» Dataset extract:
◆ ◆ ◆

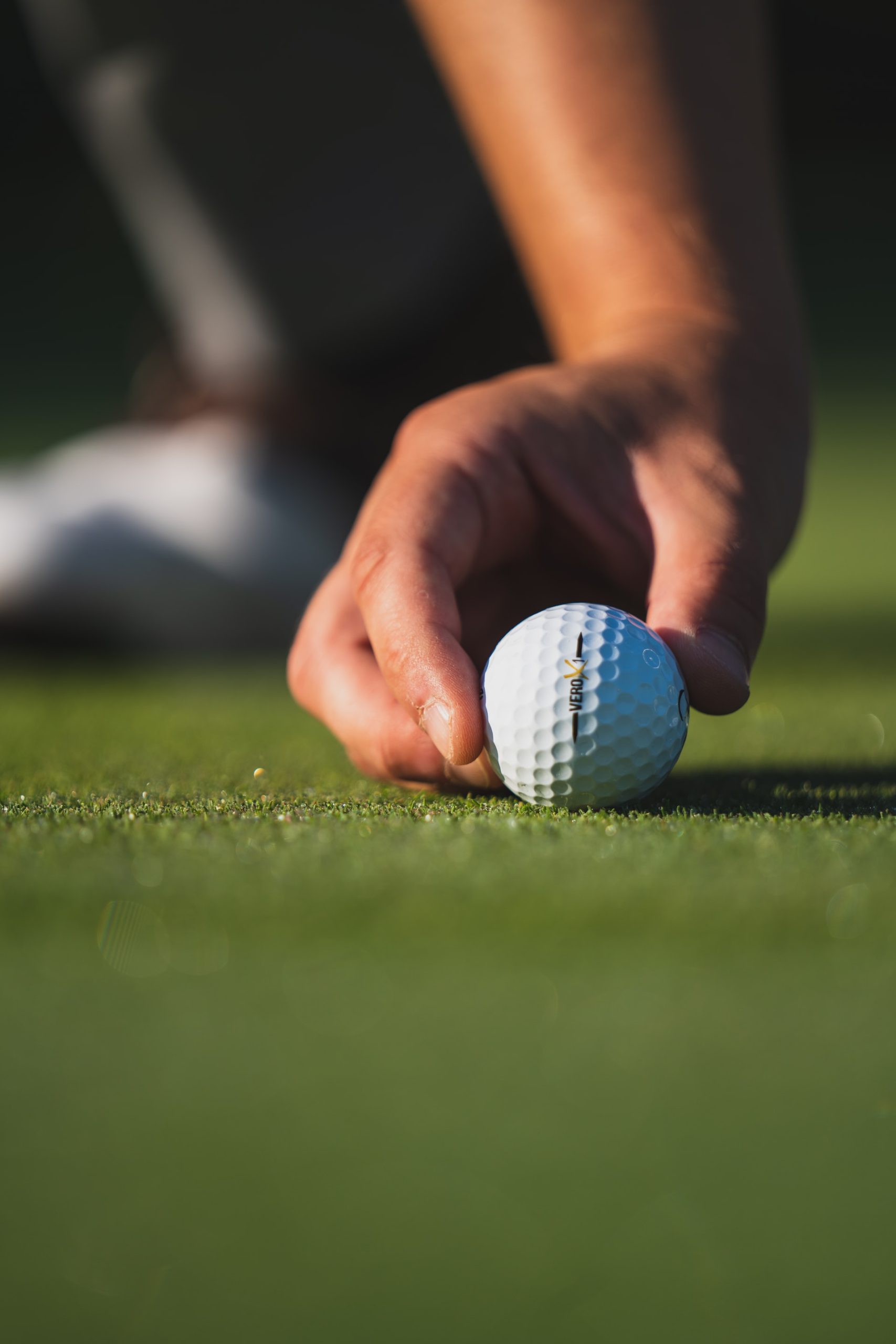 A close up of a hand setting a golf ball on the green.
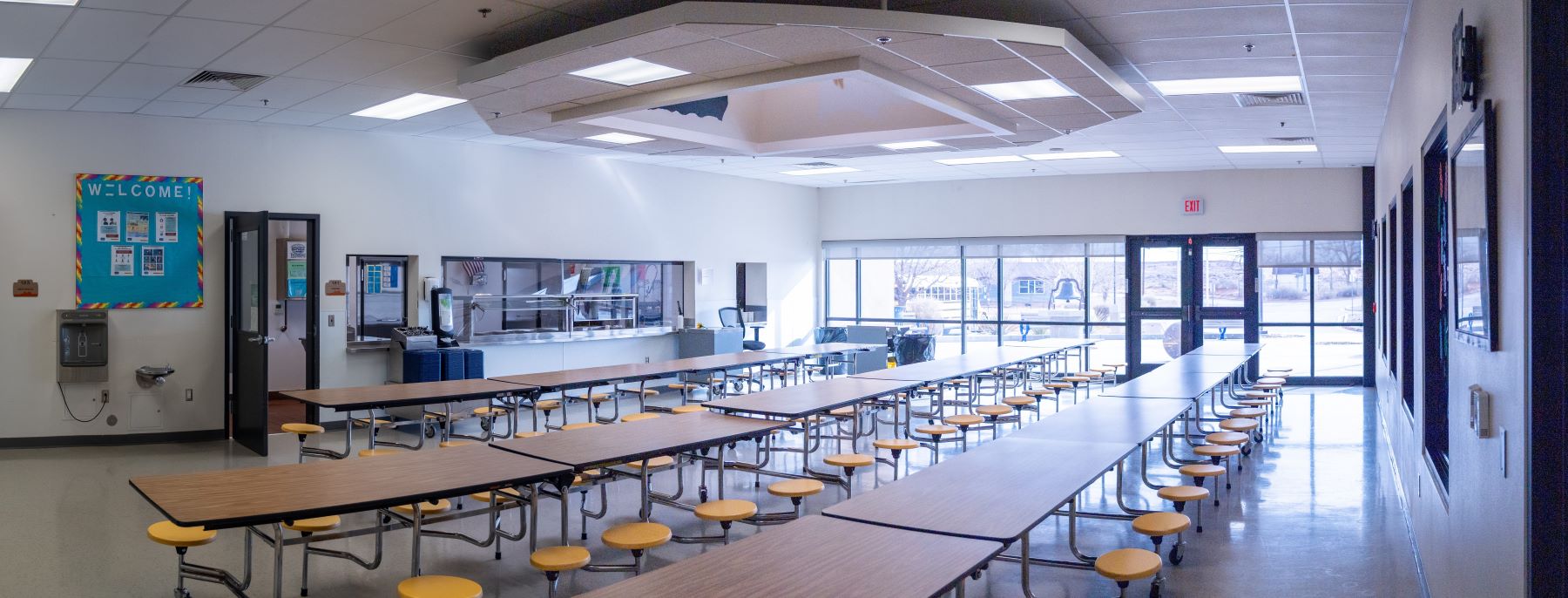 Brightly lit school cafeteria featuring tables and chairs arranged for students to sit and eat together.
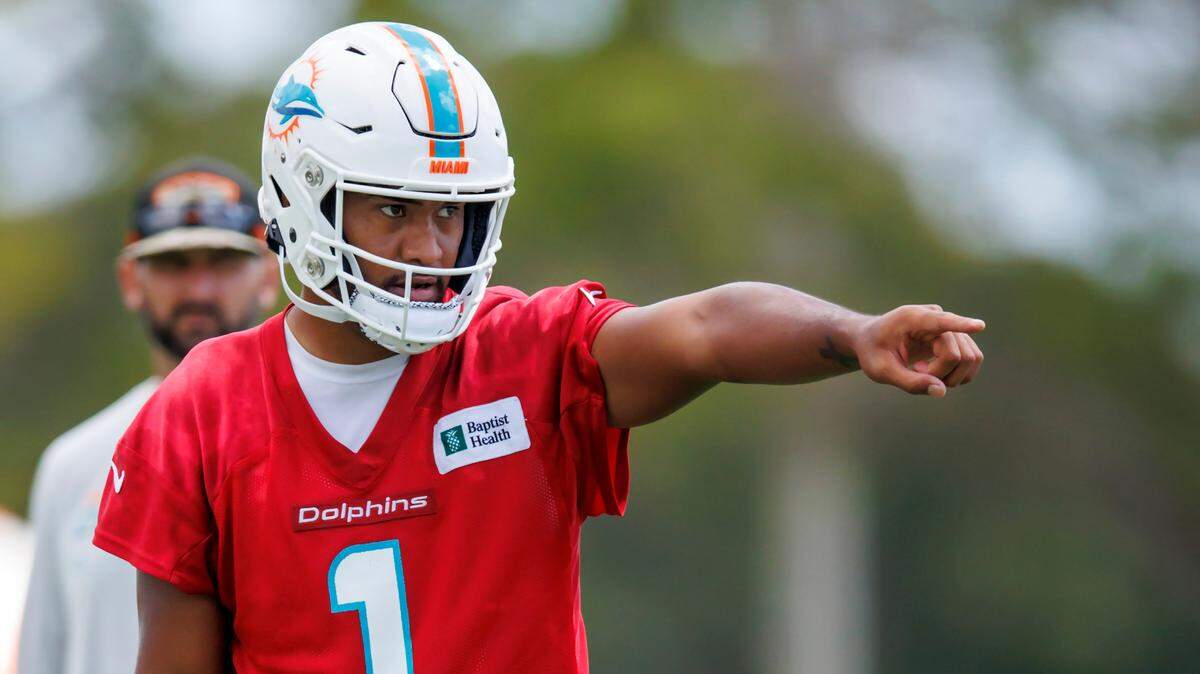 Miami Dolphins quarterback Tua Tagovailoa (1) gives instructions to his teammates during NFL football training camp at Baptist Health Training Complex in Hard Rock Stadium on Monday, September 5, 2022 in Miami Gardens, Florida.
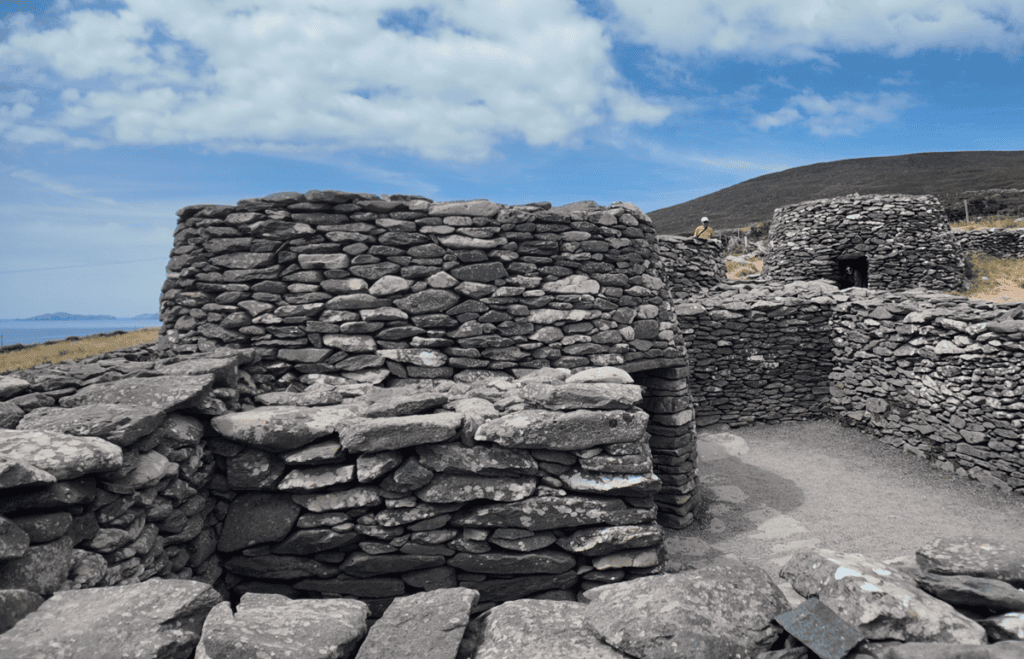 Dry-stone walls, pathways and clochán structures forming part of the archaeological settlement landscape at Fahan.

◆ ◆ ◆

» Work instruction:
Return the material word for word, images omitted.

» Output for this task:
 A close up of a hand setting a golf ball on the green.
 Brightly lit school cafeteria featuring tables and chairs arranged for students to sit and eat together.
 Miami Dolphins quarterback Tua Tagovailoa (1) gives instructions to his teammates during NFL football training camp at Baptist Health Training Complex in Hard Rock Stadium on Monday, September 5, 2022 in Miami Gardens, Florida.
 Dry-stone walls, pathways and clochán structures forming part of the archaeological settlement landscape at Fahan.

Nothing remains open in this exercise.